I looked at the clock: 1:46 P.M.

The sheet with Hippo’s coroner contact information caught my eye. Grabbing it, I crossed to my office.

The mound of papers hadn’t diminished. The wastebasket and plants hadn’t relocated themselves to the floor. The CSU supplies hadn’t disappeared, neatly folded, into a locker.

Screw housekeeping. Sliding into my chair, I dialed Yves Bradette.

His answering service picked up. I left my name and number.

A stomach growl warned that doughnuts hadn’t sufficed.

Quick lunch. Chicken salad in the first-floor cafeteria.

When I returned, my red message light was flashing. Yves Bradette had phoned.

Again, I dialed Rimouski. This time Bradette answered.

“What can I do for you, Dr. Brennan?” Nasal. A bit whiny.

“Thanks for returning my call so quickly.”

“Of course.”

I relayed Hippo’s story, mentioning no names.

“May I ask how you came to know of this?” A cool and very formal vous.

“A police officer brought the situation to my attention.”

Bradette said nothing.
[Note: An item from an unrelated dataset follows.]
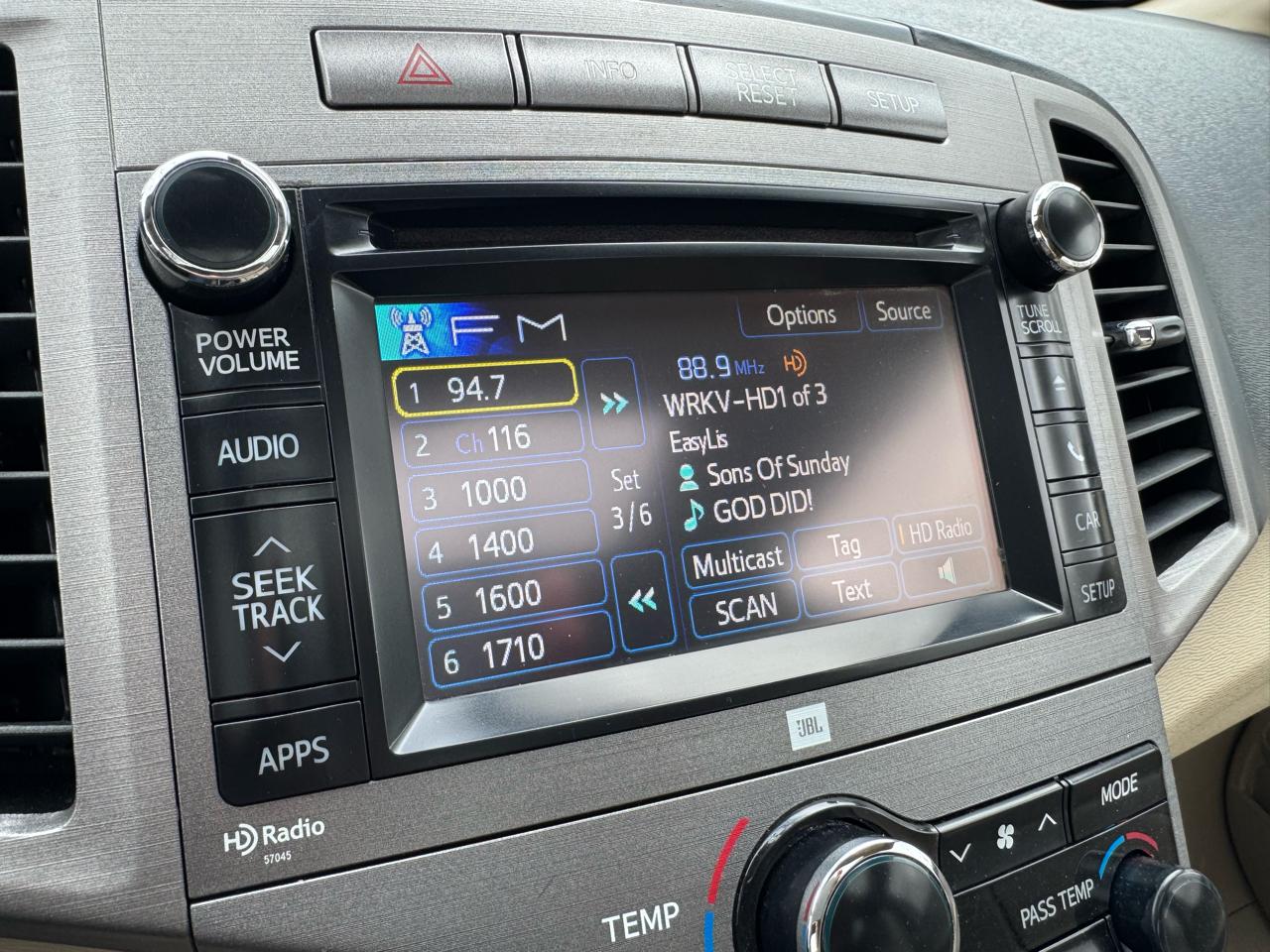 Toyota Venza 4dr Wgn V6 AWD Limited (Natl) 2014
I wondered if he was trying to recall Gaston’s report of the bones, or formulating a justification for his failure to seize them.

“I think it’s worth a look,” I added.

“I have investigated this matter.” Even cooler.

“You examined the skeleton?”

“Cursorily.”

“Meaning?”

“I went to SQ headquarters. I concluded these bones are old. Perhaps ancient.”

“That’s it?”

“In my judgment, the remains are those of a female adolescent.”

Easy, Brennan.

A coroner or pathologist orders a textbook or takes a short course, and Sha-zam! He or she is a forensic anthropologist! Why not score a copy of Operative Cardiac Surgery, hang a shingle, and start opening chests? Though it’s rare that an underqualified person attempts to practice my profession, when it happens on my turf, I am far from pleased.

“I see.” I matched Bradette’s cool with arctic.

“Under questioning, the officer admitted to having had these bones for many years. Furthermore, he stated that they originated in New Brunswick. New Brunswick is outside the scope of my authority.”

Months, perhaps years pass with no thought of Évangéline Landry. Then, unexpectedly, a synapse will flash. I never know what the trigger will be. A forgotten snapshot curling in the bottom of a box. Words spoken with a certain intonation. A song. A line from a poem.

Hippo’s chiac accent. New Brunswick. The skeleton of a girl, dead many years.

Neurons fired.

Irrationally, my fingers tightened on the receiver.